Understood, but let's come back to this (if needed..).

Thanks,
John
John Garry Dec. 5, 2024, 11:51 a.m. UTC | #4
On 05/12/2024 06:30, Darrick J. Wong wrote:
> On Thu, Dec 05, 2024 at 07:35:45AM +1100, Dave Chinner wrote:
>> On Wed, Dec 04, 2024 at 03:43:41PM +0000, John Garry wrote:
>>> From: "Ritesh Harjani (IBM)" <ritesh.list@gmail.com>
>>>
>>> Filesystems like ext4 can submit writes in multiples of blocksizes.
>>> But we still can't allow the writes to be split into multiple BIOs. Hence
>>> let's check if the iomap_length() is same as iter->len or not.
>>>
>>> It is the responsibility of userspace to ensure that a write does not span
>>> mixed unwritten and mapped extents (which would lead to multiple BIOs).
>>
>> How is "userspace" supposed to do this?
>>
>> No existing utility in userspace is aware of atomic write limits or
>> rtextsize configs, so how does "userspace" ensure everything is
>> laid out in a manner compatible with atomic writes?
>>
>> e.g. restoring a backup (or other disaster recovery procedures) is
>> going to have to lay the files out correctly for atomic writes.
>> backup tools often sparsify the data set and so what gets restored
>> will not have the same layout as the original data set...
>>
>> Where's the documentation that outlines all the restrictions on
>> userspace behaviour to prevent this sort of problem being triggered?
>> Common operations such as truncate, hole punch, buffered writes,
>> reflinks, etc will trip over this, so application developers, users
>> and admins really need to know what they should be doing to avoid
>> stepping on this landmine...
> 
> I'm kinda assuming that this requires forcealign to get the extent
> alignments correct, and writing zeroes non-atomically if the extent
> state gets mixed up before retrying the untorn write.  John?

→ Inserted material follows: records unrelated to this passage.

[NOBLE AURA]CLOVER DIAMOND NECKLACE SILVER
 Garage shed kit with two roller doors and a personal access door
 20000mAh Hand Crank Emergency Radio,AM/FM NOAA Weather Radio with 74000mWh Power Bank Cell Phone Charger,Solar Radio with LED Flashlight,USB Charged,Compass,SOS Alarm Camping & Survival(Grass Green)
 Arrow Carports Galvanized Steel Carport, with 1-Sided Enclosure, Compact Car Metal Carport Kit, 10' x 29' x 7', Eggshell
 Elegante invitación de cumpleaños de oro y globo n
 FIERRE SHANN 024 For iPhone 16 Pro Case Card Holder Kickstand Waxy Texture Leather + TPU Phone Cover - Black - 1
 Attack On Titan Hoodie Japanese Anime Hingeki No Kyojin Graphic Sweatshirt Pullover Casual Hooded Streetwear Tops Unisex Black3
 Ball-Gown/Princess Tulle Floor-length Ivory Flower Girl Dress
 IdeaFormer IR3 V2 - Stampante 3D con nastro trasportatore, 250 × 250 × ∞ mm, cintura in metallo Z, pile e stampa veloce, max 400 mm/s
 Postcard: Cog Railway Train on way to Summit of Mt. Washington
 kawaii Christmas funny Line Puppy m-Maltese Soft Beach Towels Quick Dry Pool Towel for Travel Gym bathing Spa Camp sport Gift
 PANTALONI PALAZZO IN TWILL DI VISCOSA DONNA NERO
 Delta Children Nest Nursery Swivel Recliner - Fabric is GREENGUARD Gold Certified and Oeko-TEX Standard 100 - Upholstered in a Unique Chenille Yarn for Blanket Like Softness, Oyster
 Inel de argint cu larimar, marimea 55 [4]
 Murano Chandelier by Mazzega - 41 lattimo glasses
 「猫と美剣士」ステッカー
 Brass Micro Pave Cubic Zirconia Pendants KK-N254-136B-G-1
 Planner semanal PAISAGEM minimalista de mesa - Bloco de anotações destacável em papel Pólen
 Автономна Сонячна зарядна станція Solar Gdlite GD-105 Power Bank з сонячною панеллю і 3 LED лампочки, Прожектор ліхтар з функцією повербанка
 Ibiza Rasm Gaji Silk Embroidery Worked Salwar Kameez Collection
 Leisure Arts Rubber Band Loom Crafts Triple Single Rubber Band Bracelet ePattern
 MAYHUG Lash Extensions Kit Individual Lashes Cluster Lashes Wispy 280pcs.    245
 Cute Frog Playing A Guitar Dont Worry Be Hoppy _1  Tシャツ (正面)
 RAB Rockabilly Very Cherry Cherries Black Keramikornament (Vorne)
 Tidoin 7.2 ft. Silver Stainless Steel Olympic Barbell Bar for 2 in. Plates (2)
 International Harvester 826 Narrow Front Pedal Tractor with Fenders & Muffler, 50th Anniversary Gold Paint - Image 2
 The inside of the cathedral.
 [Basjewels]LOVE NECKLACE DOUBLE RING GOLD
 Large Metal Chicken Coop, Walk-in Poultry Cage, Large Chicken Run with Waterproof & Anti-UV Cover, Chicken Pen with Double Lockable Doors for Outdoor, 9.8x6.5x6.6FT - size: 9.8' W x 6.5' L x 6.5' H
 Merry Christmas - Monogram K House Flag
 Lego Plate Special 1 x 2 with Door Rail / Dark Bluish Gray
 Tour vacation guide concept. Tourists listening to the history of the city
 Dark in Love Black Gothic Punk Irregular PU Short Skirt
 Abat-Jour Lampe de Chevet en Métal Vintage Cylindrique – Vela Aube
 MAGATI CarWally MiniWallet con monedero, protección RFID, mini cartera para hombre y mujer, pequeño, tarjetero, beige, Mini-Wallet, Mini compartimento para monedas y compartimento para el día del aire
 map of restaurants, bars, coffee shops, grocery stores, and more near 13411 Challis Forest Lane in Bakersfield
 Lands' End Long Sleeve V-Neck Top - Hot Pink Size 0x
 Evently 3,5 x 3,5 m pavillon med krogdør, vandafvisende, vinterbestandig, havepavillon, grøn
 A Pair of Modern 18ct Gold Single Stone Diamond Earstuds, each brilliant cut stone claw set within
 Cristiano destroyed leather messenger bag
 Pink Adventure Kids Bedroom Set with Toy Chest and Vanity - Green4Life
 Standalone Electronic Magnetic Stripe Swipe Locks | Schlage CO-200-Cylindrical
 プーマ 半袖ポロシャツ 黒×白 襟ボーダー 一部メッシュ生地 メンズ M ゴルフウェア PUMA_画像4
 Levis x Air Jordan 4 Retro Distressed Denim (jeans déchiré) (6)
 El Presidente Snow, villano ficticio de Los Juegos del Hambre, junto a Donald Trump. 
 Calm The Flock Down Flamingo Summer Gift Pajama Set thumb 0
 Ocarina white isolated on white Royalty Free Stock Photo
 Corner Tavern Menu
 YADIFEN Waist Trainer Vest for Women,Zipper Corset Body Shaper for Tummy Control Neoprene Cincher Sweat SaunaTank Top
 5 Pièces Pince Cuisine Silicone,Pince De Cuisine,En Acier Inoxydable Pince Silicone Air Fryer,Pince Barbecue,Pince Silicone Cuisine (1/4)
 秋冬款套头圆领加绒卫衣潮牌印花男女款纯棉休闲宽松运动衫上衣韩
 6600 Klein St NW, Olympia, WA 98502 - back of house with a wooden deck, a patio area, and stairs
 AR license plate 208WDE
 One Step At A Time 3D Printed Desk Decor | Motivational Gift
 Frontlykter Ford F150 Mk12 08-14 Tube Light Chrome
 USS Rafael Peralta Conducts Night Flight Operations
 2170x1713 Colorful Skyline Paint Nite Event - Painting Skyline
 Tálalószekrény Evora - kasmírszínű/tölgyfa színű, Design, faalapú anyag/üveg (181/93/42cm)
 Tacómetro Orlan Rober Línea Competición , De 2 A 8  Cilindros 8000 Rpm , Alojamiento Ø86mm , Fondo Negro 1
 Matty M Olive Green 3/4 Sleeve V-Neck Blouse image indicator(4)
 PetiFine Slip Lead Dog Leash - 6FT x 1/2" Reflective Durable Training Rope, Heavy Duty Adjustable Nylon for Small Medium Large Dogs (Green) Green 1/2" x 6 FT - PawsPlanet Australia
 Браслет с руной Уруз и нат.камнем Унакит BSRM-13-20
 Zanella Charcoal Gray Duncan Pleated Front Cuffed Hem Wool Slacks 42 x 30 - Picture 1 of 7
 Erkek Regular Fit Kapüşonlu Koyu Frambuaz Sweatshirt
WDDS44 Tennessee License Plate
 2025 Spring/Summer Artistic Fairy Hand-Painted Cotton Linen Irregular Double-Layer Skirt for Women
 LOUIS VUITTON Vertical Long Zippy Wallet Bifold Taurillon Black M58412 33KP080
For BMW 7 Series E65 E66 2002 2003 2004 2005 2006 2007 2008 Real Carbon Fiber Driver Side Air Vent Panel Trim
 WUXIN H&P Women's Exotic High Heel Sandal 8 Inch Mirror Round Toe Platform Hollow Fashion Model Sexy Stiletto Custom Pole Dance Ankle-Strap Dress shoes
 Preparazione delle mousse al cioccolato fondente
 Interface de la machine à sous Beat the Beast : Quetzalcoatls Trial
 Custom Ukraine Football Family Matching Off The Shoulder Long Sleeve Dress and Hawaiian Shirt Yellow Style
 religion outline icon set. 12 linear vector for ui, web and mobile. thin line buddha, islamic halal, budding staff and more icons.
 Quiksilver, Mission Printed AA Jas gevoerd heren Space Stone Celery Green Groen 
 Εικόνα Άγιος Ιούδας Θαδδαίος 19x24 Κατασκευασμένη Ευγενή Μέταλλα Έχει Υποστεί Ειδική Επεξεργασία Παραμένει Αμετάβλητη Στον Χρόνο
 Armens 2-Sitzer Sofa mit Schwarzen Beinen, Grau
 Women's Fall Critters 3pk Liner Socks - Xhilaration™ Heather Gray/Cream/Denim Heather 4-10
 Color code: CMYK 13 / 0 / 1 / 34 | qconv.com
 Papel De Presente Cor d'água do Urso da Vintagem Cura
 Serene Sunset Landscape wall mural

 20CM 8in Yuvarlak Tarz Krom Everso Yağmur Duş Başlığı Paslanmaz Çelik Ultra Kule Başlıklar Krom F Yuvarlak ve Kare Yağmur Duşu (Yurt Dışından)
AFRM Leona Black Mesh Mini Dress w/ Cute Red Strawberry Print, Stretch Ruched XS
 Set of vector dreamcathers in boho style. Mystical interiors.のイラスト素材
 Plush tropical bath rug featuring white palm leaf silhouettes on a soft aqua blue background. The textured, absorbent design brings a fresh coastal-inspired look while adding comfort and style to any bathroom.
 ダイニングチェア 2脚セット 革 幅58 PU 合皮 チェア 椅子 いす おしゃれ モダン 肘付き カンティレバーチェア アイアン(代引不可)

Sure, the code to do the automatic pre-zeroing and retry the atomic 
write is not super complicated.

It's just a matter or whether we add it or not.

Thanks,
John
Dave Chinner Dec. 5, 2024, 9:15 p.m. UTC | #5
On Thu, Dec 05, 2024 at 10:52:50AM +0000, John Garry wrote:
> On 04/12/2024 20:35, Dave Chinner wrote:
> > On Wed, Dec 04, 2024 at 03:43:41PM +0000, John Garry wrote:
> > > From: "Ritesh Harjani (IBM)" <ritesh.list@gmail.com>
> > > 
> > > Filesystems like ext4 can submit writes in multiples of blocksizes.
> > > But we still can't allow the writes to be split into multiple BIOs. Hence
> > > let's check if the iomap_length() is same as iter->len or not.
> > > 
> > > It is the responsibility of userspace to ensure that a write does not span
> > > mixed unwritten and mapped extents (which would lead to multiple BIOs).
> > 
> > How is "userspace" supposed to do this?
> 
> If an atomic write spans mixed unwritten and mapped extents, then it should
> manually zero the unwritten extents beforehand.
> 
> > 
> > No existing utility in userspace is aware of atomic write limits or
> > rtextsize configs, so how does "userspace" ensure everything is
> > laid out in a manner compatible with atomic writes?
> > 
> > e.g. restoring a backup (or other disaster recovery procedures) is
> > going to have to lay the files out correctly for atomic writes.
> > backup tools often sparsify the data set and so what gets restored
> > will not have the same layout as the original data set...
> 
> I am happy to support whatever is needed to make atomic writes work over
> mixed extents if that is really an expected use case and it is a pain for an
> application writer/admin to deal with this (by manually zeroing extents).
> 
> JFYI, I did originally support the extent pre-zeroing for this. That was to
> support a real-life scenario which we saw where we were attempting atomic
> writes over mixed extents. The mixed extents were coming from userspace
> punching holes and then attempting an atomic write over that space. However
> that was using an early experimental and buggy forcealign; it was buggy as
> it did not handle punching holes properly - it punched out single blocks and
> not only full alloc units.
> 
> > 
> > Where's the documentation that outlines all the restrictions on
> > userspace behaviour to prevent this sort of problem being triggered?
> 
> I would provide a man page update.

I think, at this point, we need an better way of documenting all the
atomic write stuff in one place. Not just the user interface and
what is expected of userspace, but also all the things the
filesystems need to do to ensure atomic writes work correctly. I was
thinking that a document somewhere in the Documentation/ directory,
rather than random pieces of information splattered across random man pages
would be a much better way of explaining all this.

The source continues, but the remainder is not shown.